Hammer says, “These dinosaurs from Antarctica are very old and are the oldest ones from this very successful lineage of dinosaurs. And this is the oldest member of this lineage it belongs to by 30 or 40 million years. So it tells us that Antarctica was the center of dinosaur evolution very early on in the Mesozoic.”

Dr. Hammer talks about his work in Antarctica in 1990 -1991, when he discovered Cryolophosaurus:

“We actually discovered the first Jurassic dinosaur in Antarctica in ’90, ’91. We went down in late November of ’90 and we were collecting until January of ’91. We had a place, Mt. Kirkpatrick, which is an elevation of about 12 and a half thousand feet about sea level and it was about 400 miles, 600 km, from the geographic south pole, near the Beardmore glacier.

“We found… about half of this skeleton of a new, meat-eating dinosaur we named Cryolophosaurus. It means frozen crested reptile or lizard because it has a weird display-crest on its head that kind of swings forward. It was used for visual recognition. So that’s where the word crest comes from. Frozen, of course is from the fact that it was 25 below zero at that site in the middle of summer when we collected it. It wasn’t frozen when it lived there but it’s frozen now. We couldn’t name it Antarctisaurus because someone already named a South American dinosaur Antarctisaurus because they figured it lived in Antarctica and we’d never find any there. So there’s an Antarctisaurus from South America.
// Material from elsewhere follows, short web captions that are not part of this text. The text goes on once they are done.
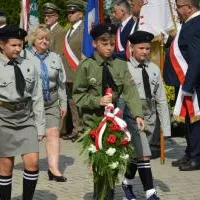 Święto WP Miech&oacute;w 2019 - składanie kwiat&oacute;w przez harcerzy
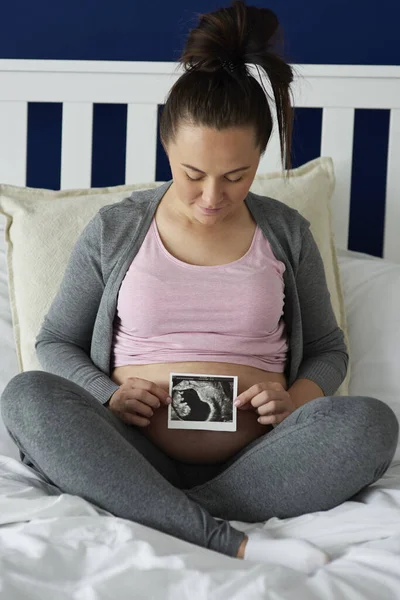 Mulher Grávida Segurando Imagem Ultra Som Seu Abdômen — Fotografia de Stock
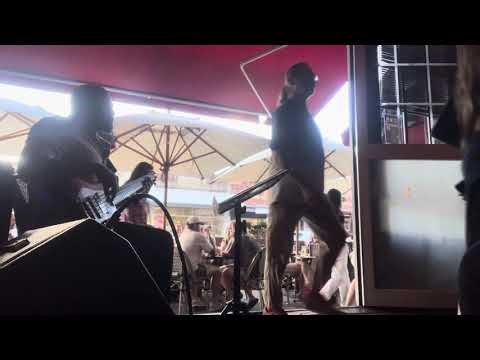 One note Samba by AC Jobim - wave Jazz trio cover live at the Wesley Anne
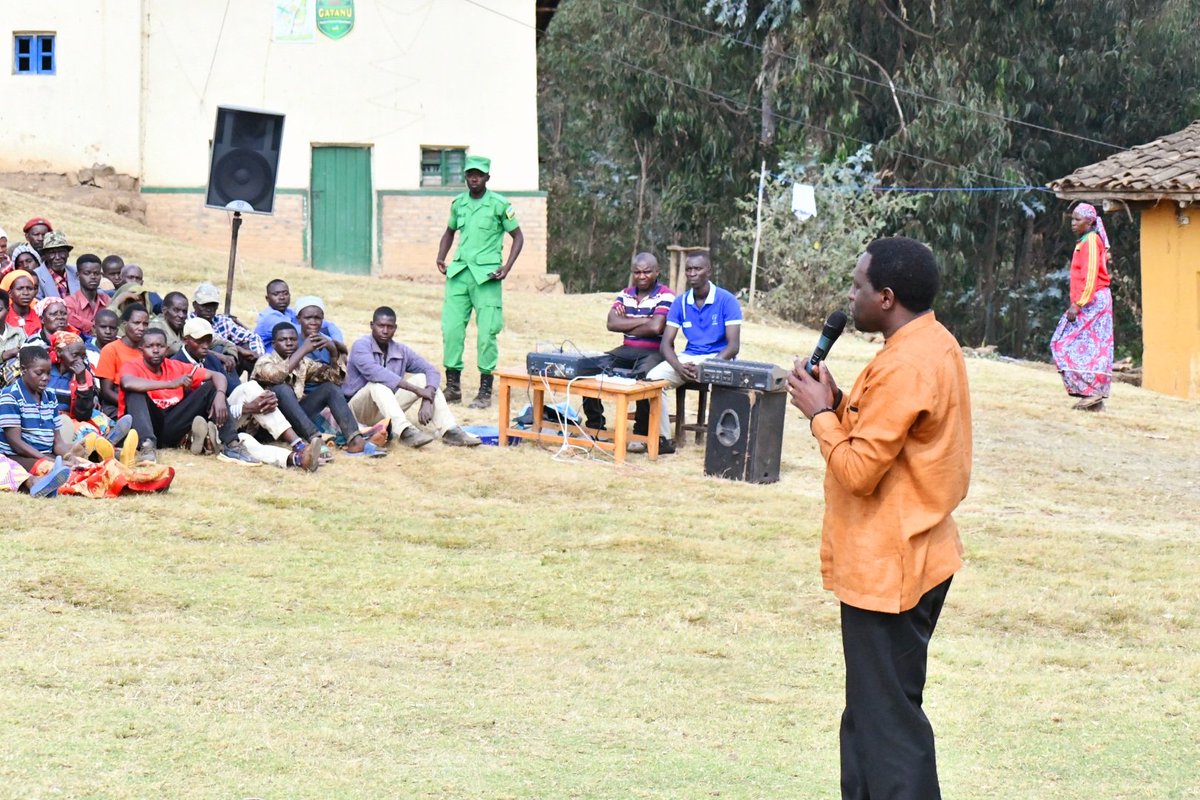 RwandaSouth's tweet photo. #Turakomeje: muri Gahunda y'iminsi 40 yo gukemura ibibazo by'Abaturage no kubegereza serivisi, Guverineri @AKayitesiAlice ari kumwe n'Umuyobozi w'Akarere ka @NyaruguruDistr ndetse n'inzego z'umutekano bari kumwe n'abaturage b'Umurenge wa #Busanze, #Kirarangombe bakemurira hamwe https://t.co/PcBvNp0LlZ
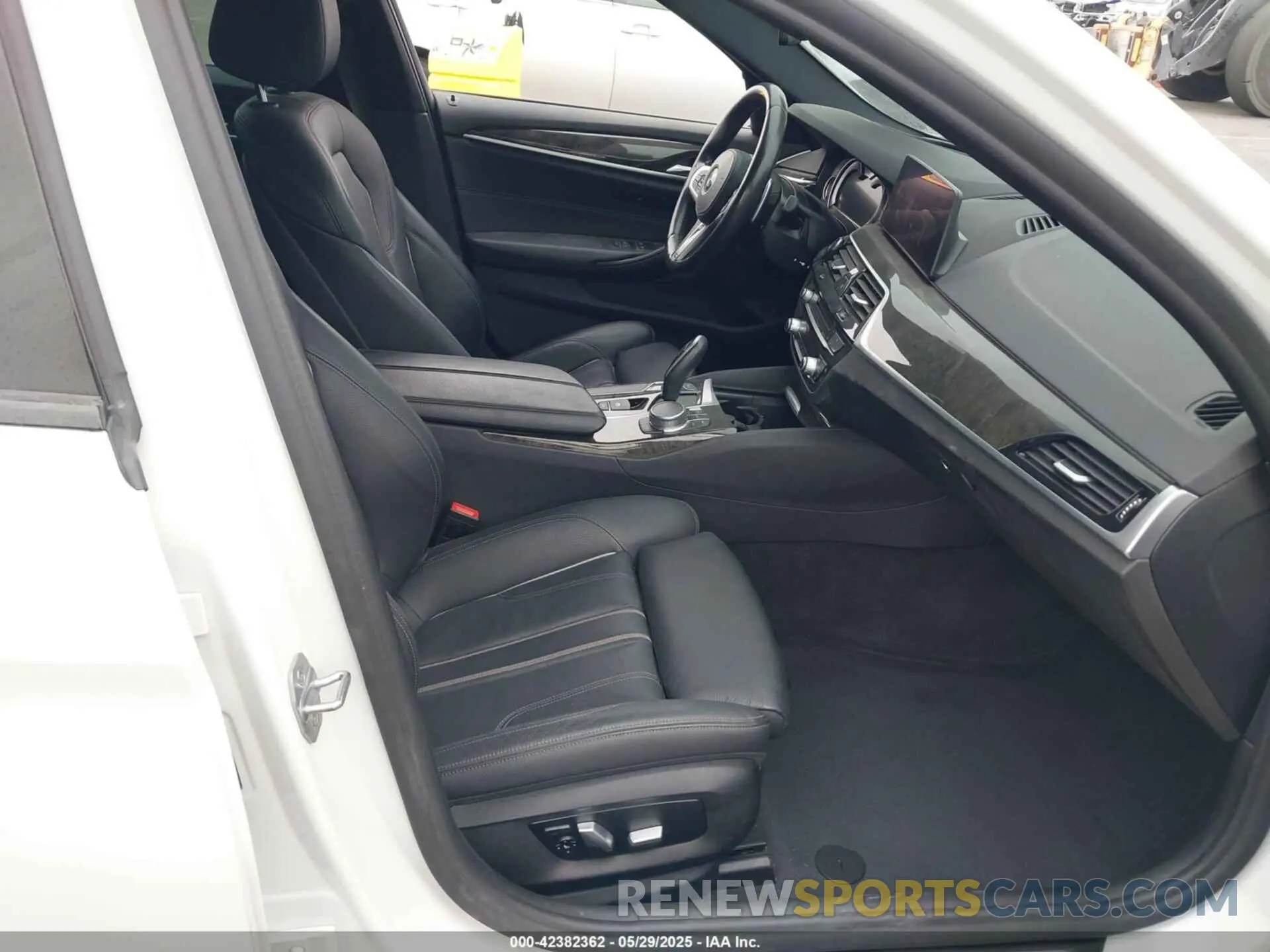 5 Photograph of a damaged car WBAJE7C55KWW43530 BMW 540I 2019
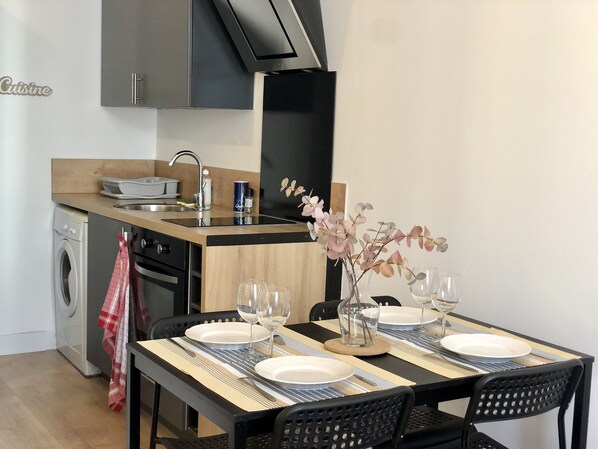 Réfrigérateur, micro-ondes, four, plaque de cuisson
“So we found that and then we found parts of another dinosaur, a plant-eating dinosaur, called a Prosauropod, which is a Padasaurus, Brontosaurus, those are the big Sauropods. These are older than some of the North American well-known ones. They are about 200 million years old, from early in the Jurassic period, so it’s pretty early in the history of dinosaurs.

“And then we found part of a flying reptile, a pterosaur, and we found some broken teeth from some small meat-eating dinosaurs that were apparently scavenging the dead carcass of the larger meat-eater. And then we found parts of a little animal called a Synapsid, which is a group — it’s not a group of dinosaurs, it’s a group of reptiles mammals evolved from. So they’re mammal-like reptiles.
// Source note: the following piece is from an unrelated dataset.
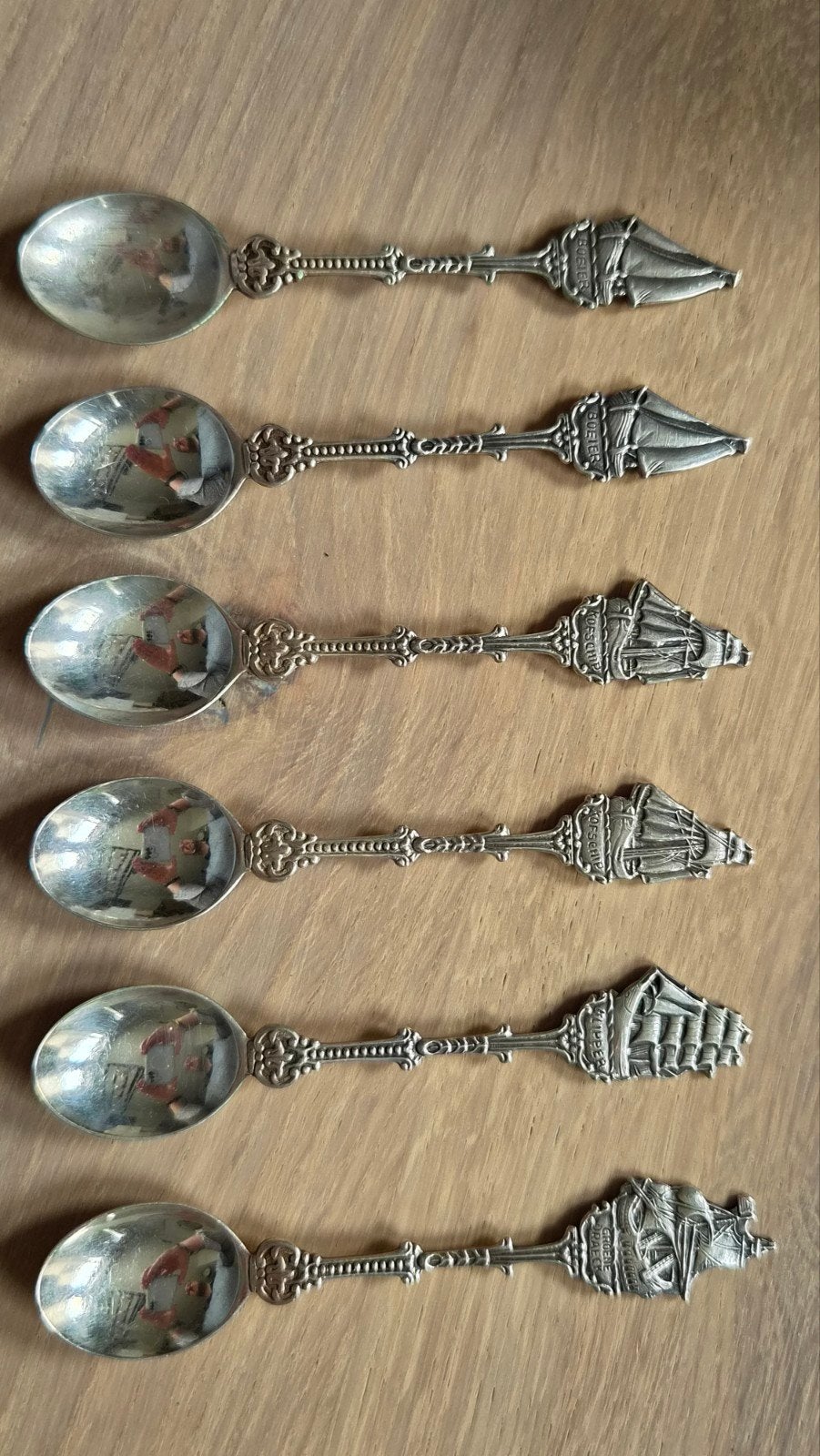 Verzilverde DE lepeltjes set met scheepsmotieven, Antiek en Kunst, Ophalen of Verzenden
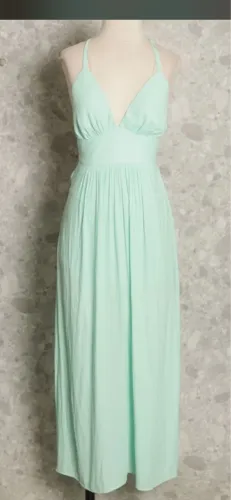 Vestido longo verde pálido decote em v detalhe lindo nas costas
“Other seasons we’ve been down there we’ve found things at other places but they aren’t dinosaurs. They’re older. We’ve found things from the early part and middle part of the Triassic period. The early part is 245 million years and the middle part is 225 and dinosaurs first appear 210 or 215 million years ago. So both of those faunas are older and didn’t have dinosaurs. They had different kinds of reptiles. A lot of the Synapsids, the mammal-like reptiles, were found in those localities.”
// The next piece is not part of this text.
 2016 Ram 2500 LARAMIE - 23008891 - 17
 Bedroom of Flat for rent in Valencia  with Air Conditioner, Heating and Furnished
Dr. Hammer, on preparing for and embarking on a research expedition to Antarctica:

“It usually takes three to five years. This one is longer because we were supposed to go a couple of years ago. See, the National Science Foundation Antarctic Program has a logistic base on an island on the coast. And they fly us in on these C-130, LC-130 planes with skis, and they have six or seven of these planes… They have a logistic system set up on this island and they can support X number of research projects in different places across the continent.

“Well, for where we go we need helicopters 500 miles from the coast. So not only does it take the plane flights to get us in there, the planes have to lay fuel for the helicopters and they have to fly supplies in to a temporary helicopter support camp. So it takes quite a number of these LC-130 ski plane flights to run the kind of camp we’re going to be working out of. And for the last six or seven years they’ve been rebuilding a research station at the South Pole. So that’s drained all the ski-plane time — the LC-130 time — away from major remote projects because they’ve been using the planes to fly equipment, construction people into the South Pole and back. So this thing was funded and it was approved for a couple of years ago, then it didn’t go because of logistics, but now it’s going again. It doesn’t always take 7 years to plan it but sometimes it takes it to pull it off if the logistics support isn’t available.

“We fly from here commercially to Christchurch, New Zealand. There is an Antarctic center in Christchurch that’s run by the National Science Foundation. We get clothing and equipment there in NZ. Then we get on a ski plane there and fly about 2500 miles — 8 hours, maybe 10, depends on the wind –down to this island off the coast of Antarctica, where McMurdo station is. There we get our equipment, field training and survival training. And then we’re another 500 miles south, inland from there, 500 miles from this base on the coast, out in the Transantarctic Mountains. ”

Dr. Hammer on digging for dinosaurs in Antarctic weather conditions:

“Well, it presents its challenges because of the weather. Actually we can’t use some of the methods we’d normally use in warmer climates, like plaster jacketing is real difficult because plaster freezes before it sets. So we get around that in other ways. We stabilize the bones pretty well with glues and stuff before we take them out so we don’t have to jacket them.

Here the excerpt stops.